Publié le 01 décembre 2015

EMPREINTE TERRE

COP21 : un accord à Paris, un "droit à l’existence" pour les petits Etats insulaires

Les représentants politiques du groupe des petits Etats insulaires (qui compte 39 pays dont les îles Fidji et Tuvalu) tapent du poing sur la table. Dans une intervention commune mardi 1er décembre au Bourget, ils sont venus rappeler que le réchauffement climatique est déjà une réalité pour eux. Un accord juridiquement contraignant est essentiel : il en va de leur existence.

L'Atoll Maduro, appartenant aux îles Marshall, dans l'océan Pacifique, a été ravagé lors d'une tempête, en 2014.
Giff Johnson / AFP

Un droit à l’existence. C’est le message que veut envoyer le ministre de l’Agriculture des îles Fidji, Inia Seruiratu, aux quelque 10 000 délégués réunis à Paris. "Je suis venu à Paris pour dire que le réchauffement climatique est déjà une réalité pour nous. Les petits Etats insulaires sont parmi les plus vulnérables de la planète. Et le plus souvent et le plus violemment affectés par la hausse des températures.
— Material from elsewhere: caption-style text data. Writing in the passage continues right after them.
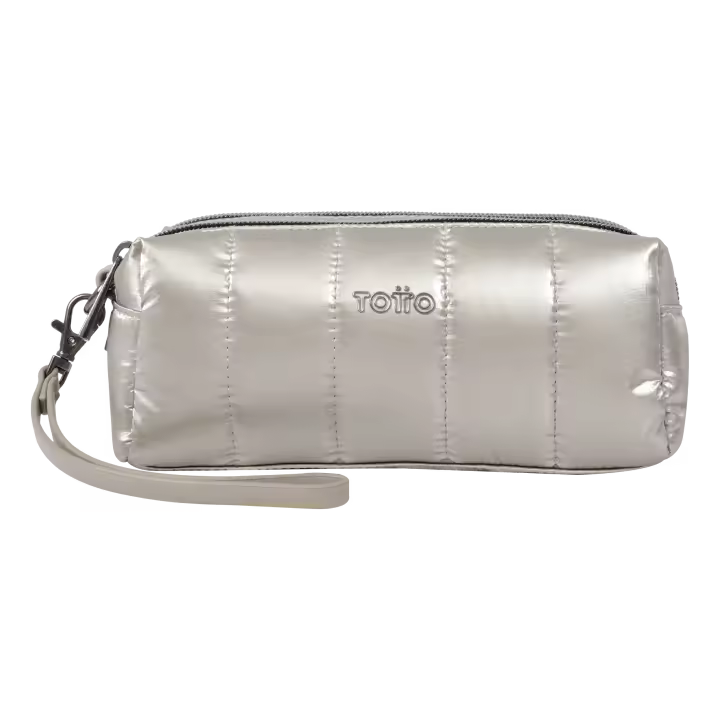 Totto Neceser Verona -Dimensiones:18.5 x 10 x 7.5 cm-Material:Poliester - 1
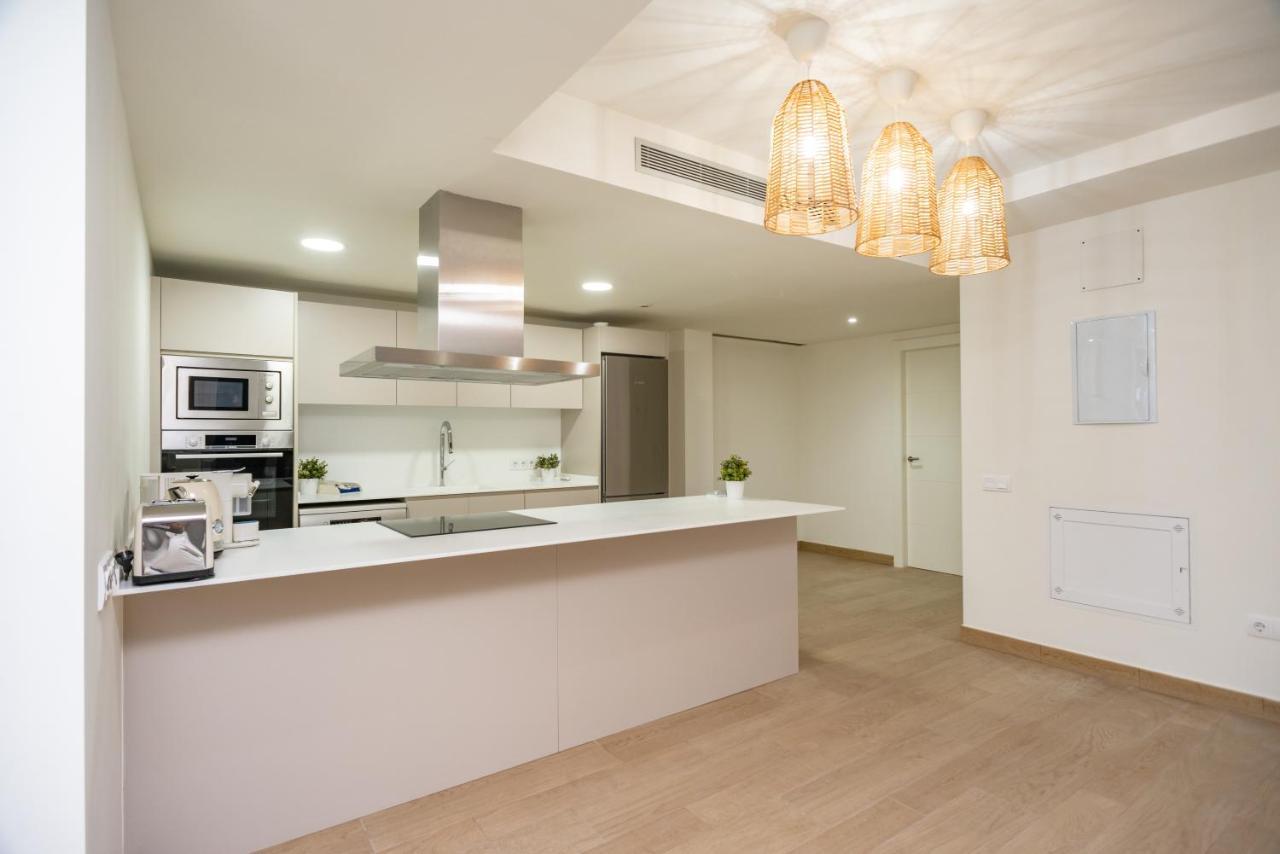 Gran Piso En Puerto Deportivo Marina Palamos Ideal Familias מראה חיצוני תמונה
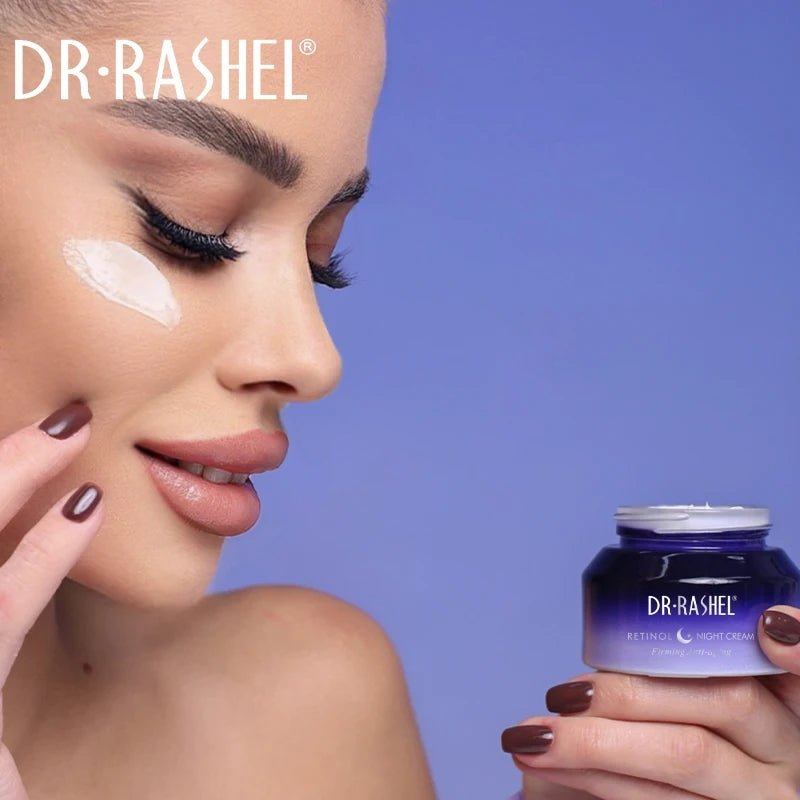 Dr Rashel - Vitamin C & Retinol Cream & Serum (Original)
C’est notre existence même qui est menacée".   

Dans une salle de presse comble, le message du ministre des îles Fidji est relayé par le Premier ministre de Tuvalu, Enele Sopoaga et le Président de Kiribati, Anote Tong. Les trois représentants politiques font partie de l’Alliance des petits Etats insulaires (APEID), un groupe de négociations qui compte 39 pays du Pacifique particulièrement vulnérables aux changements climatiques, notamment à la hausse du niveau de la mer. Ce groupe milite pour une hausse maximale de la température globale à 1,5°C.  

 

La migration climatique a commencé   

 

"L'élévation du niveau de la mer, les cyclones, les inondations affectent nos terres agricoles. Or, elles forment la principale ressource économique de nos pays. Nous ne disposons pas de grandes industries comme les pays développés", poursuit Enele Sopoaga. "C’est également une menace pour notre sécurité alimentaire".    

Conséquence : la migration climatique est déjà enclenchée dans les îles du Pacifique. Un rapport de l’ONU, publié le même jour montre que 10 % de la population de Nauru et 15 % de la population de Tuvalu s’est déplacée entre 2005 et 2015. L’étude a été conduite conjointement par l’Université des Nations unies sur l’environnement et la sécurité humaine (UNU-EHS) et le programme financé par l’Union européenne "Pacific Climate Change and Migration" sur 6 852 personnes représentant 852 ménages à Kiribati, Nauru et Tuvalu.  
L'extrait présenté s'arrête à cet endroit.